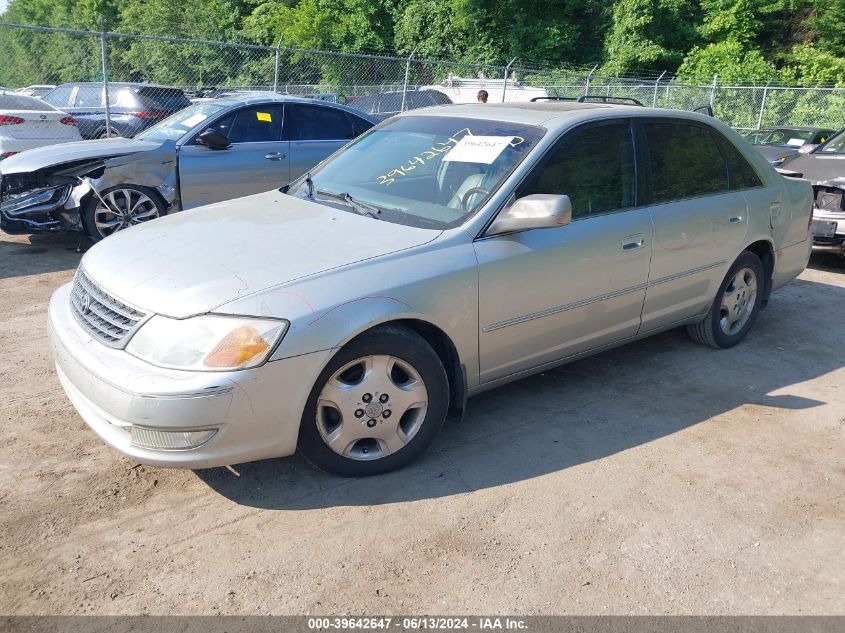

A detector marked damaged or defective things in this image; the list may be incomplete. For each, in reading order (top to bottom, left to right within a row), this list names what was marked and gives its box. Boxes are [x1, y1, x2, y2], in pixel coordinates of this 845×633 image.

wrecked car front end [0, 141, 178, 235]
damaged white car [0, 93, 376, 239]
wrecked car front end [808, 177, 844, 253]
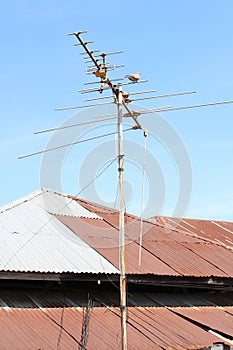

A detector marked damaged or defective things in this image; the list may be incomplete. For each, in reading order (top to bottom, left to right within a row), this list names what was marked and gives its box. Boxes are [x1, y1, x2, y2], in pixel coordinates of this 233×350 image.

rusted roofing [0, 304, 231, 348]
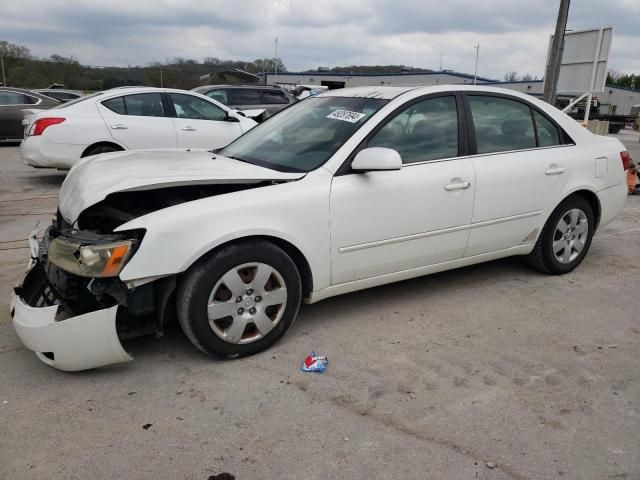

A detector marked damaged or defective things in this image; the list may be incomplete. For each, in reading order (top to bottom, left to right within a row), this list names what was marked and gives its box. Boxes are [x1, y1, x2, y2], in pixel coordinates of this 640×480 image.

crushed front bumper [9, 240, 132, 372]
cracked headlight [48, 237, 133, 278]
crushed hood [58, 150, 304, 223]
damaged white sedan [11, 85, 632, 372]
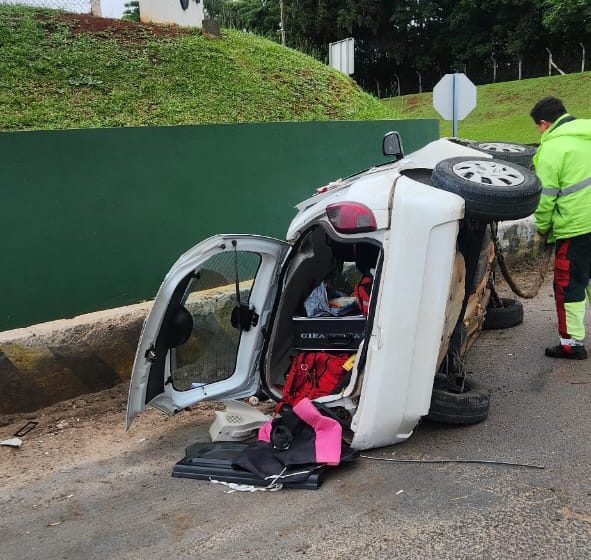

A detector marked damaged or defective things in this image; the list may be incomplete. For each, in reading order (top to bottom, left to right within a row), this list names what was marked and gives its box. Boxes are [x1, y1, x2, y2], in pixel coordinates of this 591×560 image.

exposed tire [470, 140, 540, 168]
exposed tire [432, 156, 544, 222]
overturned white car [126, 136, 540, 450]
exposed tire [486, 296, 524, 330]
exposed tire [428, 374, 492, 422]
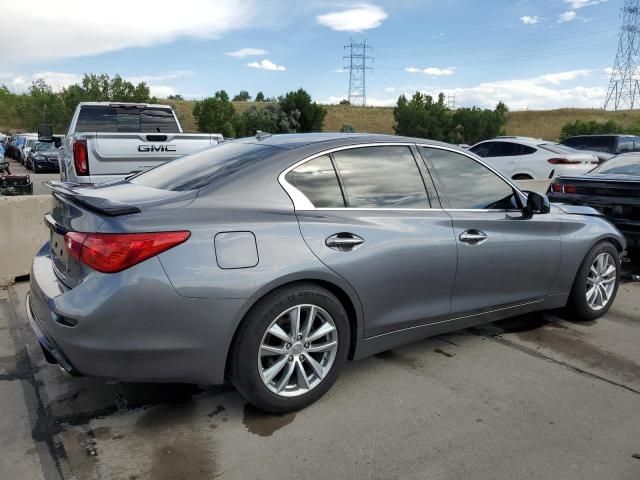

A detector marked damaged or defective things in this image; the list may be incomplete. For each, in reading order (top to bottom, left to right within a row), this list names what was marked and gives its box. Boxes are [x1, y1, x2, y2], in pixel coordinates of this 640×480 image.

damaged vehicle [28, 133, 624, 410]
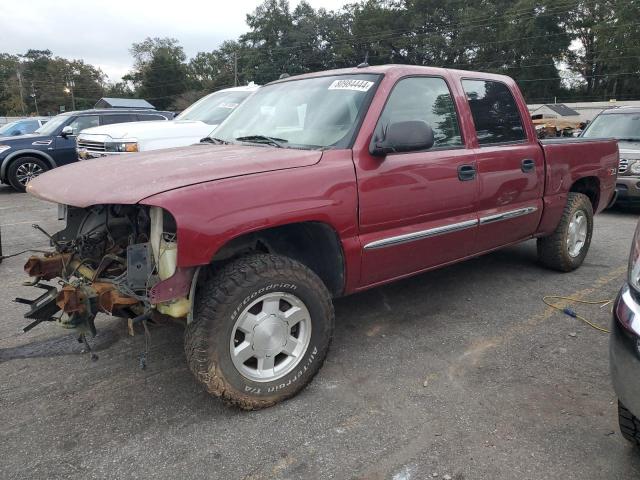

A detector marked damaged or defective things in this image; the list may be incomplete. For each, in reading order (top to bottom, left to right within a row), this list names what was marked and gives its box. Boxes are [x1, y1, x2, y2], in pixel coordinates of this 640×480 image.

rust on metal part [24, 253, 71, 280]
damaged front end [16, 203, 194, 338]
rust on metal part [92, 282, 137, 316]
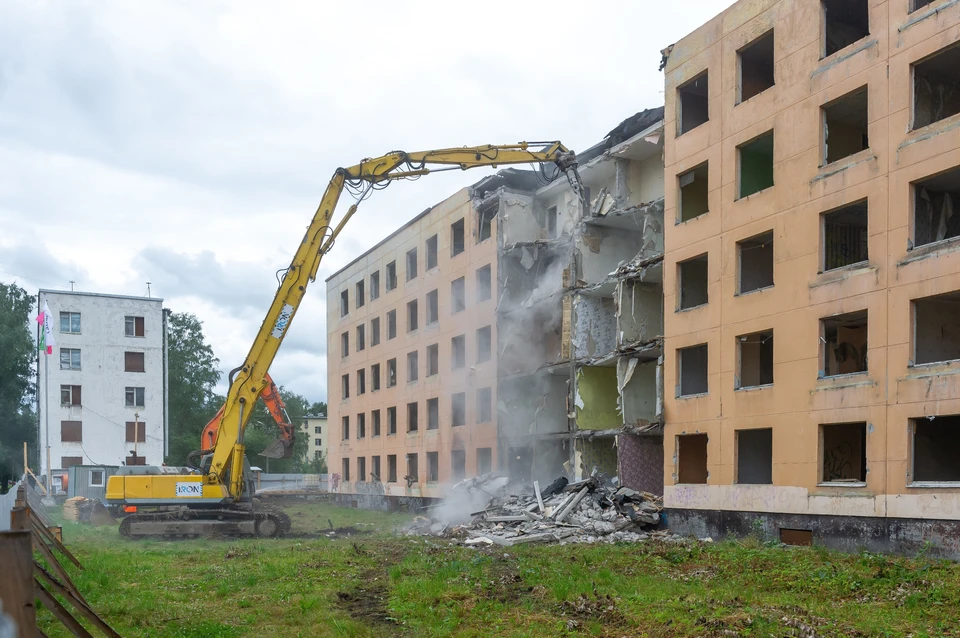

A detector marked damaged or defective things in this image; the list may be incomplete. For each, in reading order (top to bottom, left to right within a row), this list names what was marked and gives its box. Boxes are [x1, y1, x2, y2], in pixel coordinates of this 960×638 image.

broken concrete wall [576, 226, 644, 284]
broken concrete wall [572, 296, 620, 360]
broken concrete wall [620, 280, 664, 348]
broken concrete wall [572, 368, 620, 432]
broken concrete wall [620, 360, 656, 430]
broken concrete wall [620, 436, 664, 500]
pile of broken concrete [402, 472, 672, 548]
# # # # #
**WORK TO COMPLETE:** Copy the data above line for line, skipping every picture.

**SOLUTION FOR THIS EXERCISE:**
A detector marked damaged or defective things in this image; the list may be incomplete. For each, in reading order (top to bottom, left to right within a row), this list names what was marked and gives its box. Boxes are [x1, y1, x2, y2], in pixel coordinates of this 845×633 image.

wrecked car front end [0, 141, 178, 235]
damaged white car [0, 93, 376, 239]
wrecked car front end [808, 177, 844, 253]

A detector marked damaged or defective things in this image; the list may be incomplete. For each, in reading order (top to bottom, left to right within a row), this list names what was marked and gives its box. Boxes are [x1, y1, x2, y2], in pixel coordinates of this 233×350 image.

rusted roofing [0, 304, 231, 348]

A detector marked damaged or defective things in this image; the list may be incomplete. For each, in reading order (top to bottom, left to right within a row), this list names what was marked and gives its box. Boxes are [x1, y1, x2, y2], in pixel coordinates of this 640×480 image.

crushed front bumper [9, 240, 132, 372]
cracked headlight [48, 237, 133, 278]
crushed hood [58, 150, 304, 223]
damaged white sedan [11, 85, 632, 372]

A detector marked damaged or defective things in this image; the list may be incomplete. For each, in reading order (top to bottom, left to right within a row), this list names what was marked and gives its box. Boxes are [x1, y1, x2, y2], in pixel coordinates of this 591×560 image.

exposed tire [470, 140, 540, 168]
exposed tire [432, 156, 544, 222]
overturned white car [126, 136, 540, 450]
exposed tire [486, 296, 524, 330]
exposed tire [428, 374, 492, 422]

A detector marked damaged or defective things in this image; the list may be incomplete. For each, in reading order (top to bottom, left to right within a row), this list names what was marked and gives its box. Boxes are [x1, y1, x2, y2], in pixel coordinates of this 640×480 image.

damaged vehicle [28, 133, 624, 410]

A detector marked damaged or defective things in this image; the list may be incomplete. For each, in reading order (top to bottom, left to right within a row), this list names what was marked and gives its box. Boxes are [x1, y1, x2, y2], in pixel coordinates of this 640×480 image.

rust on metal part [24, 253, 71, 280]
damaged front end [16, 203, 194, 338]
rust on metal part [92, 282, 137, 316]

A detector marked damaged or defective things in this image; the list may be incomplete. For each, in reading order (top to bottom, left to right within a row), this list names what was marked and gives its box. Boxes are [x1, y1, x2, y2], in pixel coordinates of this 960×638 image.

broken concrete wall [576, 226, 644, 284]
broken concrete wall [572, 296, 620, 360]
broken concrete wall [620, 280, 664, 348]
broken concrete wall [572, 368, 620, 432]
broken concrete wall [620, 360, 656, 430]
broken concrete wall [620, 436, 664, 500]
pile of broken concrete [402, 472, 672, 548]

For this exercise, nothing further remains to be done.